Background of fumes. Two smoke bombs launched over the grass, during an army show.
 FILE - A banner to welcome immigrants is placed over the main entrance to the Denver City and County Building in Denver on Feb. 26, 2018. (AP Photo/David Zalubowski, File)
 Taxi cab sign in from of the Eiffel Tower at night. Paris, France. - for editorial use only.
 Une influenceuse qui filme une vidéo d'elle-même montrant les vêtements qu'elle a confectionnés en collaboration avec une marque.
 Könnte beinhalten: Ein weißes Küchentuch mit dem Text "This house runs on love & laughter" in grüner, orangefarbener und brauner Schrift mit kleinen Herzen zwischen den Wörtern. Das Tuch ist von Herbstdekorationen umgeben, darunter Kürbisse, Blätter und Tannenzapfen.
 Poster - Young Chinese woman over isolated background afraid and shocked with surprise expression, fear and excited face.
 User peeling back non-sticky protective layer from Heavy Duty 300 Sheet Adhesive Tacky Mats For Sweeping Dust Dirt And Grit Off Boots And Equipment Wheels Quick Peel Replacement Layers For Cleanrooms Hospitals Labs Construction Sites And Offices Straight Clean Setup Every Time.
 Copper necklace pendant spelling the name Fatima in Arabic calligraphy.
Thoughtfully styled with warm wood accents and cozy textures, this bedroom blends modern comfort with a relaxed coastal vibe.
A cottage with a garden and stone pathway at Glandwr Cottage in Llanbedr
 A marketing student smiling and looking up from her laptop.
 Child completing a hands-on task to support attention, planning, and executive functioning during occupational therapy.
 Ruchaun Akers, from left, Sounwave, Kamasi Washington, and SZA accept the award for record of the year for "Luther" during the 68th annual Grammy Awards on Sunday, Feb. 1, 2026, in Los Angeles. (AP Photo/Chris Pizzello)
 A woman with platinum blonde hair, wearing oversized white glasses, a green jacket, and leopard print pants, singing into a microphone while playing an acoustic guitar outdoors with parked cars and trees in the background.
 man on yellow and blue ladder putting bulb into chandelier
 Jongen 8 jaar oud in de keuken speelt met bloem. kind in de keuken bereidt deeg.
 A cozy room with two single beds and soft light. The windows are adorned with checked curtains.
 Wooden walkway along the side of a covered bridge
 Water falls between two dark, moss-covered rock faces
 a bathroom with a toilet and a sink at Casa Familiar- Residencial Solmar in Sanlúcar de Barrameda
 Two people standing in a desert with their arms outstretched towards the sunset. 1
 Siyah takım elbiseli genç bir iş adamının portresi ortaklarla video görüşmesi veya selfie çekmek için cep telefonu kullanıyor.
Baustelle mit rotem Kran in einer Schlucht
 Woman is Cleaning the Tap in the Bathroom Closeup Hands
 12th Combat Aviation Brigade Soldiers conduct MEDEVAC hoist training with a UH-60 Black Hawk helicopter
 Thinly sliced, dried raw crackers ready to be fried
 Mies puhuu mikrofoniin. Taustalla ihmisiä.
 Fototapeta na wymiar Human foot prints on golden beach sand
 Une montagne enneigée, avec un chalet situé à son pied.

§ **WHAT YOU HAVE TO DO**
The line containing "Fototapeta na wymiar" and every line after it, up to and including the last line of the records, should be reproduced exactly, with nothing else.

§ **WRITTEN RESPONSE**
 Fototapeta na wymiar Human foot prints on golden beach sand
 Une montagne enneigée, avec un chalet situé à son pied.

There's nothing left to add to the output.